[Crawled caption data]

+ + + + +

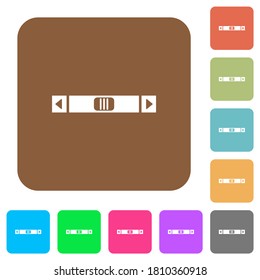 Horizontal scroll bar flat icons on rounded square vivid color backgrounds.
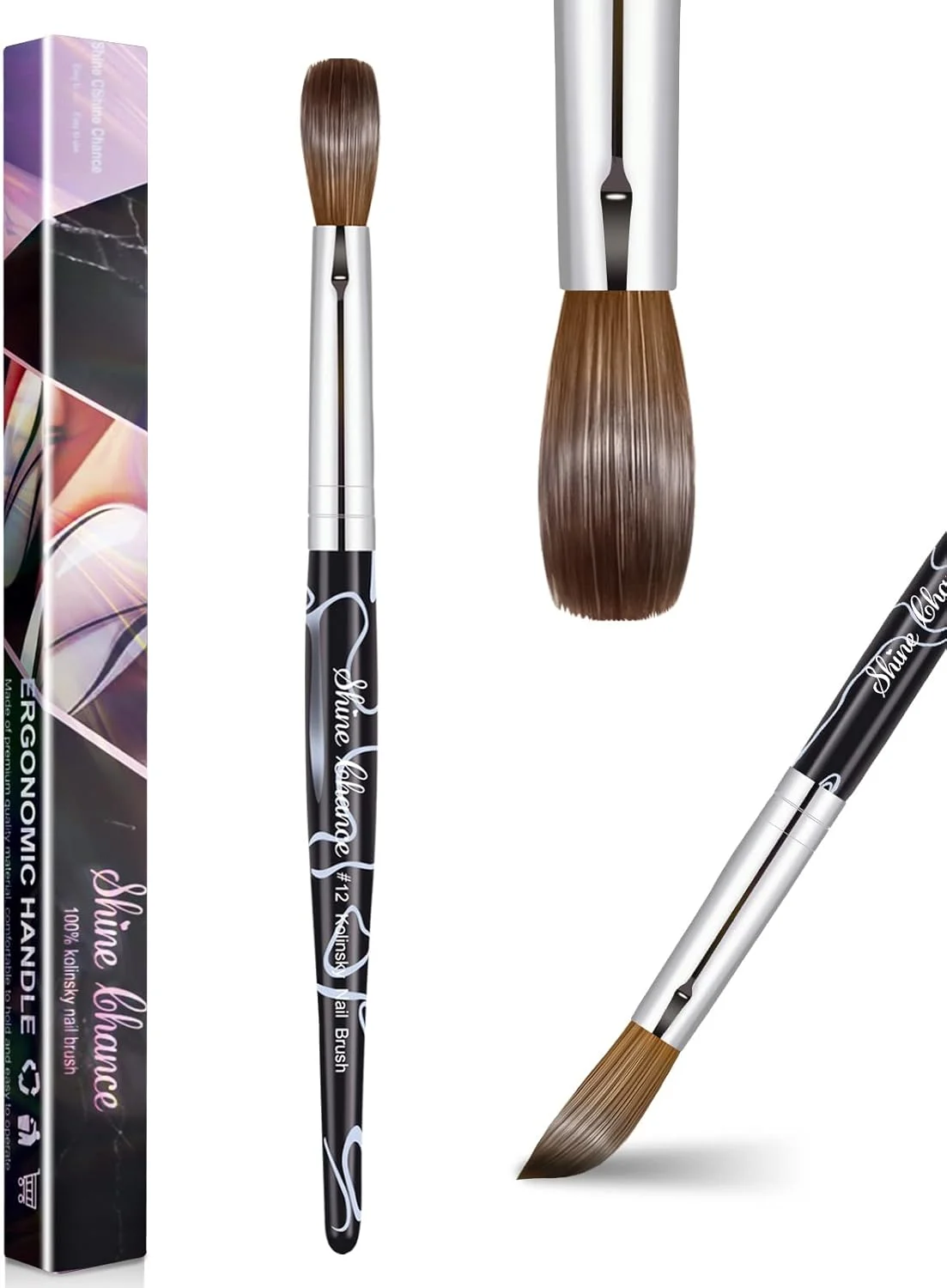 قلم طراحی ناخن اکریلیک Shine Chance سایز 12، قلم موی بیضی شکل 100% موی خالص کولینسکی برای استفاده از اکریلیک، ابزار حرفه ای مانیکور اکستنشن ناخن، قلم طراحی نوار ناخن برای سالن خانگی DIY قلم طراحی ناخن اکریلیک Shine Chance سایز 12، قلم موی بیضی شکل 100% موی خالص کولینسکی برای استفاده از اکریلیک، ابزار حرفه ای مانیکور اکستنشن ناخن، قلم طراحی نوار ناخن برای سالن خانگی DIY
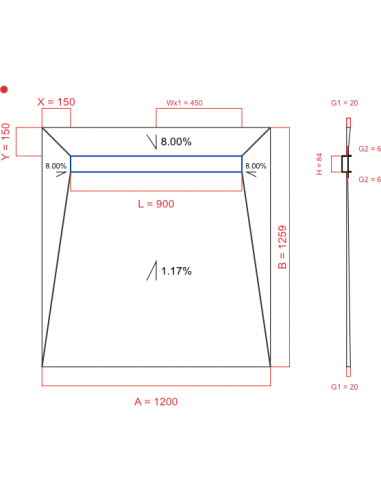 Showerlay Wiper 4 way 1200 x 1259 mm...
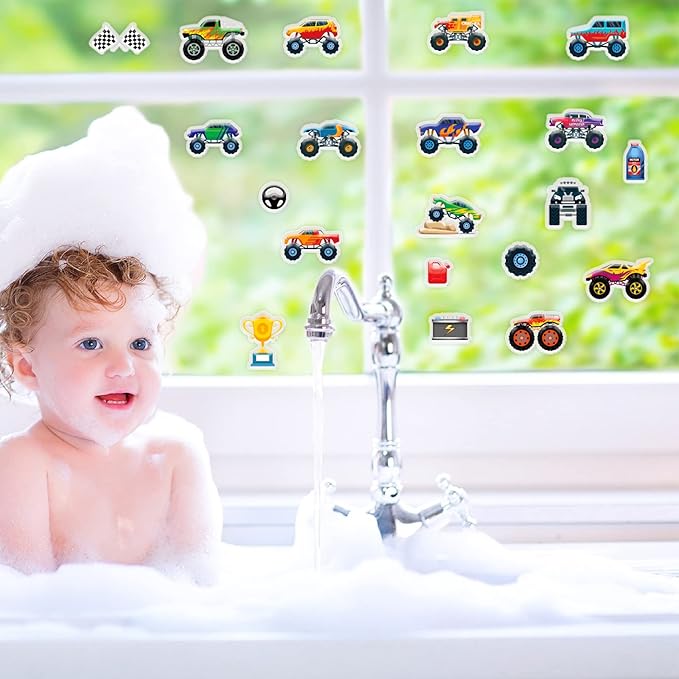 20 PCS Truck Thick Gel Clings Truck Window Gel Clings Decals Stickers for Kids Toddlers and Adults Home Airplane Classroom Nursery Transportation Party Supplies Decorations Removable and Reusable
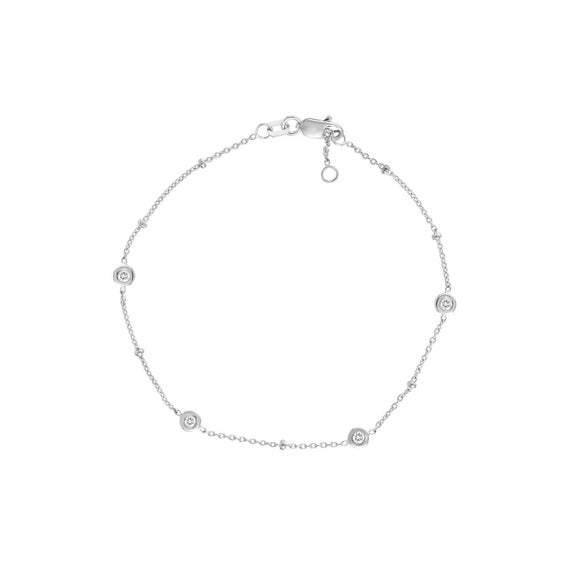 White Topaz 7 1/2" Bracelet with 14K White Gold Cable Chain & Lobster Lock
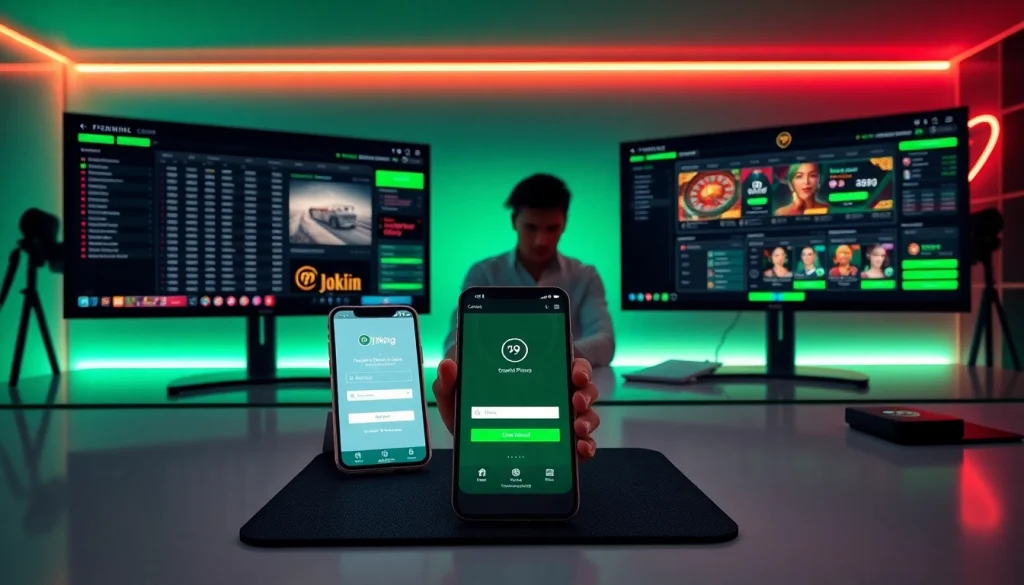 Painel de apostas do 79king em notebook e aplicativo móvel em um espaço de trabalho moderno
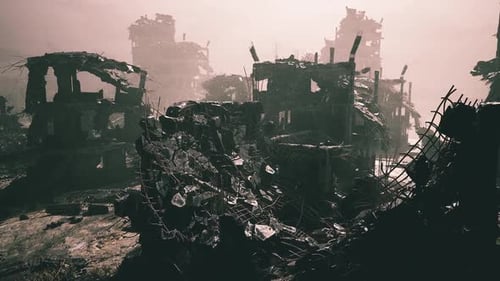 Destruction of Urban Landscape After Disaster with Remnants of Buildings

+ + + + +

» **EXERCISE**:
Only the lines from the one containing "White Topaz 7" through the last line of the data may appear in the answer, each given again exactly and with pictures left out.

» **TASK RESULT**:
 White Topaz 7 1/2" Bracelet with 14K White Gold Cable Chain & Lobster Lock
 Painel de apostas do 79king em notebook e aplicativo móvel em um espaço de trabalho moderno
 Destruction of Urban Landscape After Disaster with Remnants of Buildings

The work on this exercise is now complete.